#### Exercise data ####
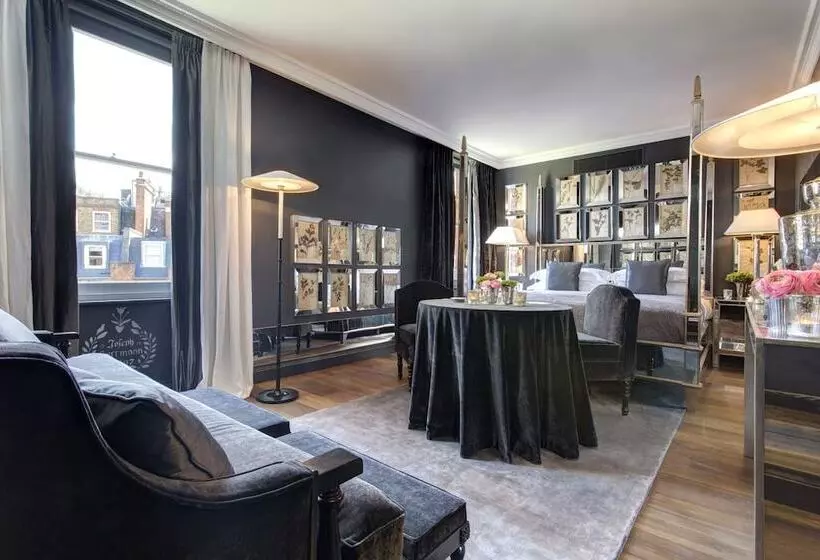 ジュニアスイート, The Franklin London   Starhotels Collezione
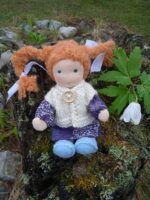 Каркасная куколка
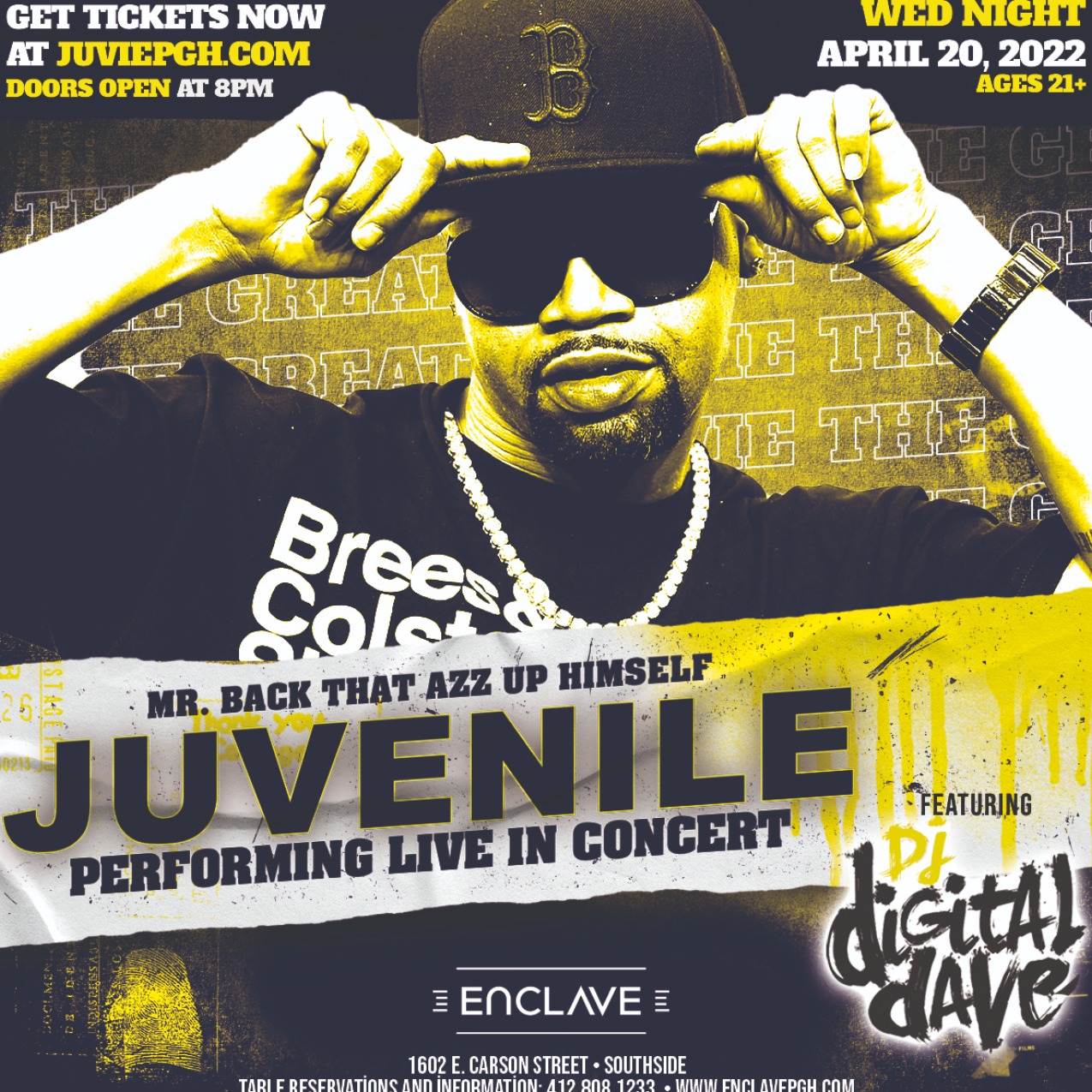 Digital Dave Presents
####
### Requirement
Please return the full listing word for word, but without any pictures.

### Task result
 ジュニアスイート, The Franklin London   Starhotels Collezione
 Каркасная куколка
 Digital Dave Presents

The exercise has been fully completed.